January GQ - DeNiro Cover
My new GQ page just hit the stands. In this issue I highlight the "no-tie" (or as Adam from GQ says "air-tie" look) that I have been seeing again on some cool guys on the street and on the runways of Paris and Milan.
Also my good friend Mory makes an appearance on the page! His part is pretty funny (and racy), you gotta read it - even if it is just while you are standing in the magazine section of Barnes & Noble.
Also my good friend Mory makes an appearance on the page! His part is pretty funny (and racy), you gotta read it - even if it is just while you are standing in the magazine section of Barnes & Noble.
Comments on "January GQ - DeNiro Cover"
tie-less suit works well with the skinny frame...noticed the belt to the side just a smidge. Well put together.
as always...the details really make this work...the patterned shirt and the interesting belt.
I hated this look in '92 and I still dislike it. This guy can pull it off, because he's skinny with a mod haircut, but few others can.
But they will try, and look silly.
Lean and mean--well, elongated, and perfect for his frame.
Am I the only one, though, who finds the "cutaway," belt-buckle-revealing jacket effect bizarre? Why would one want a jacket that drew the eye down to one's belt buckle, which is most properly concealed?
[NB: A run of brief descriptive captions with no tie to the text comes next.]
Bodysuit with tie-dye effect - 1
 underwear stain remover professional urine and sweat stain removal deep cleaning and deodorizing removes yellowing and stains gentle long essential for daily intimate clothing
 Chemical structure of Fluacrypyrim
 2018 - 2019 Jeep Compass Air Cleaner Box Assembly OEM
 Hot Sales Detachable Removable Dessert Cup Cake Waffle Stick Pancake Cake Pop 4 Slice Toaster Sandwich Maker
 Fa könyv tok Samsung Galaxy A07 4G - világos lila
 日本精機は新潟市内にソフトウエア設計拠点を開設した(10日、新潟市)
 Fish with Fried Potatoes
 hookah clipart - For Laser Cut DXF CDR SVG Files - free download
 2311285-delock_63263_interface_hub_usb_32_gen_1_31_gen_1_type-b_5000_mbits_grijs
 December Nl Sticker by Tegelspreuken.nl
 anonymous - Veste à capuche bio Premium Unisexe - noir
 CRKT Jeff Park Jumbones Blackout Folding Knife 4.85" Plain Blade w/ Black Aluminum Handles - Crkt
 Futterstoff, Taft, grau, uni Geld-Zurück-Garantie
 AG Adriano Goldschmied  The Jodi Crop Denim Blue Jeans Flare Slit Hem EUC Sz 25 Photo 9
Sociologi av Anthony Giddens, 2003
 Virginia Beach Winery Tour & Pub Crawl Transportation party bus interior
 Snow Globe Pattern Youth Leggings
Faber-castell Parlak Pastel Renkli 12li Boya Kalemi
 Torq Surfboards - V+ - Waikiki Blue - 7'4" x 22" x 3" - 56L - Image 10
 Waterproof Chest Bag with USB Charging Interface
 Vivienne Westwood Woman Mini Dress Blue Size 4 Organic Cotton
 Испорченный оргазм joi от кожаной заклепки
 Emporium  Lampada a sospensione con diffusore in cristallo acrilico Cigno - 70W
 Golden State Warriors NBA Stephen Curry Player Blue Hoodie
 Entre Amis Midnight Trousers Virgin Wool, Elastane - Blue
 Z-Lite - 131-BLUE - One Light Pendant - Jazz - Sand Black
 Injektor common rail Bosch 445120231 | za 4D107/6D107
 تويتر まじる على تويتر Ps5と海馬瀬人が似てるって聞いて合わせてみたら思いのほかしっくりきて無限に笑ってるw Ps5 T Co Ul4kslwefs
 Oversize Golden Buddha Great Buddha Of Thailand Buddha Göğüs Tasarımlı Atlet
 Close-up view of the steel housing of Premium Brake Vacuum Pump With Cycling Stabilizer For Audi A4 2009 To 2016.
This is an indie-rock/jpop trend, originally (I think) to mark a formal but alternative space between the regular frat guy unbuttoning of the first button and the yuppie professional use of a tie. Well as Baudelaire or Benjamin says, the flaneur is the spy of capitalism!
The tie-less suit looks pretty good, but I still prefer a tie.
The Young Tom Verlaine?
I don't get it. It doesn't look stylish to me. It just looks like he didn't finish getting dressed.
The tie-less look is very poor and lazy looking, and I have never seen it pulled off very well other than Tony Shalhoub on the TV show Monk; and the only reason it works for him is because it is part of the character he plays on TV (he is obsessive-compulsive and cannot unbutton just one button, and I think he has some sort of tie phobia).
It still doesn't look very good on him either, but it works.
love a skinny guy in a skinny suit and the no-tie is fine with me, but i have a total dislike for shirts with plackets! cannnnot stand them. this is just my own personal weirdness - i think they end up looking cheap 95% of the time...
where can I get this shirt for my husband?? really cool detail.
air tie...tres chic
A very good looking guy.
It's a young look, and the only way I'll let the ironing job on the shirt go by.
I just can't get into this look; it reminds me too much of those kids in junior high who buttoned their shirts all the way up (and had pocket protectors and were in the A/V club, and ... need I go on?).
This may be able to work with a sport shirt (as opposed to a dress shirt) but this (with a dress shirt) just looks like a failed attempt to get by without a tie.
I've always felt that the tie-less look is good with a button-down shirt , but not with a straight collar ( which works better with a tie ) ... and vice versa... what are your thoughts ??
JJ
As usual, you have to be sickly skinny to look cool in NYC. He would look absolutely dorky wearing a necktie.
maybe it is too small to see but the collar and placket have navy piping which gives the shirt a more finished look.
David Lynch has been doing the buttoned-up tie-less look for at least 20 years. it has a sort of arty/studious feel on the right person.
I always thought Steve Martin could pull this off in the late 80's but few others...(God knows I tried)
Not 100% sure, but the shirt looks like one from Dries Van Noten latest collection...
I have been going "air-tie" all my life...except a bow tie in special events. I think it looks great if you wear a nice shirt with a great collar and maybe a special buton row or hiden buttons. I agree it is only for the lean-framed but I΄m one of them lucky ones...
The look is good but loses its freshenss when you button up the top button on the shirt and forces a sense of deliberate coolness, which in my opinion is not that attractive in a guy.
But the ensemble is quite stunning. Is this a Neil Barrett suit?
i do enjoy the short jacket and the slim fit, but indeed does it have to expose the buckle like that? perhaps the short jacket would work better with the trousers worn at the waist with a good rise. that would probably solve all our problems (short rise, buckle, shirt under bottom).